# Miami to Montreal - no service?



## Guest (Jan 30, 2008)

I am looking at doing a 1-zone roomette from Miami to Montreal however it is saying there is no service between these two cities?


----------



## WICT106 (Jan 30, 2008)

That's correct. The Miami trains all stop at NYC, where you'll have to transfer to some train like the Adirondack, or something.


----------



## AlanB (Jan 30, 2008)

WICT106 said:


> That's correct. The Miami trains all stop at NYC, where you'll have to transfer to some train like the Adirondack, or something.

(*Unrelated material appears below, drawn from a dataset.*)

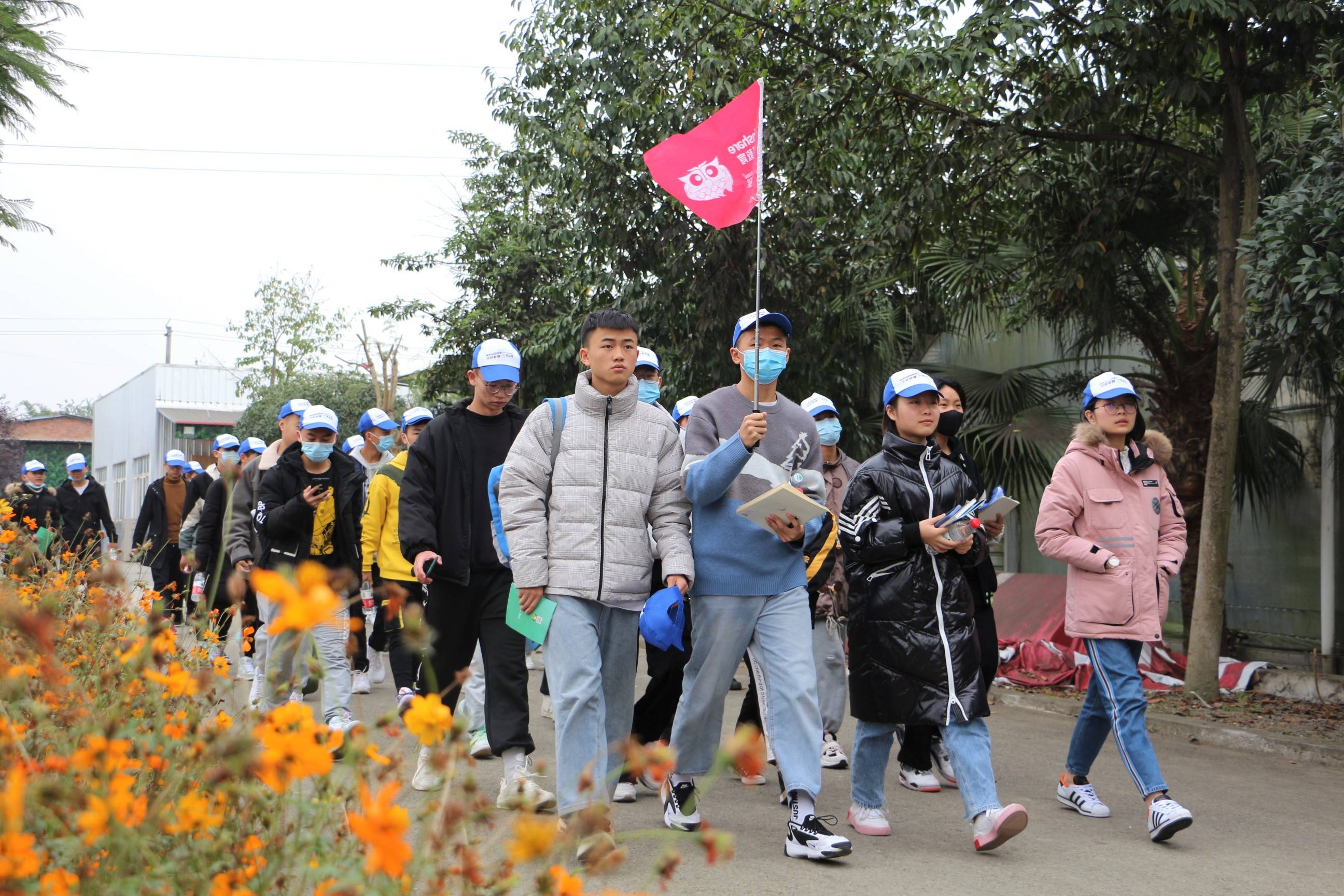 叙永三中学子赴成都开展书香研学活动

And because the Adirondack leaves NY long before the trains from Miami arrive into NY, you'll need to spend the night in the NYC area on your own. Amtrak won't pay for that.


----------



## Guest (Jan 30, 2008)

AlanB said:


> WICT106 said:
> 
> 
> > That's correct. The Miami trains all stop at NYC, where you'll have to transfer to some train like the Adirondack, or something.
> ...


Thanks, but would it still be bookable as a 1-zone roomette trip for 15k points? I dont mind spending the night in NYC . Actually would prefer to spend it in DC. Would the amtrak agent be able to figure all that out?


----------



## AlanB (Jan 30, 2008)

Guest said:


> AlanB said:
> 
> 
> > WICT106 said:
> ...


I believe that it should all be bookable on one award via NY, but I'm not 100% positive. Only AGR can tell you for sure, since there is a forced overnight. But since there is no alternative, they should consider it one through trip and therefore it should only cost 15,000 points.

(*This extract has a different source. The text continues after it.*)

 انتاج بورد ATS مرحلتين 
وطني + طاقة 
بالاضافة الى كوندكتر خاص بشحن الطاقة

I don't think that you'd be able to overnight in DC, since that would now mean you'd be riding three different trains, but it can't hurt to ask. More than likely they'll want you to go to NY and overnight. You might want to do that anyhow, since if you were to overnight in DC, you'd have to catch a 4:00 AM train out of DC to get to NY in time to connect with the Adirondack.


----------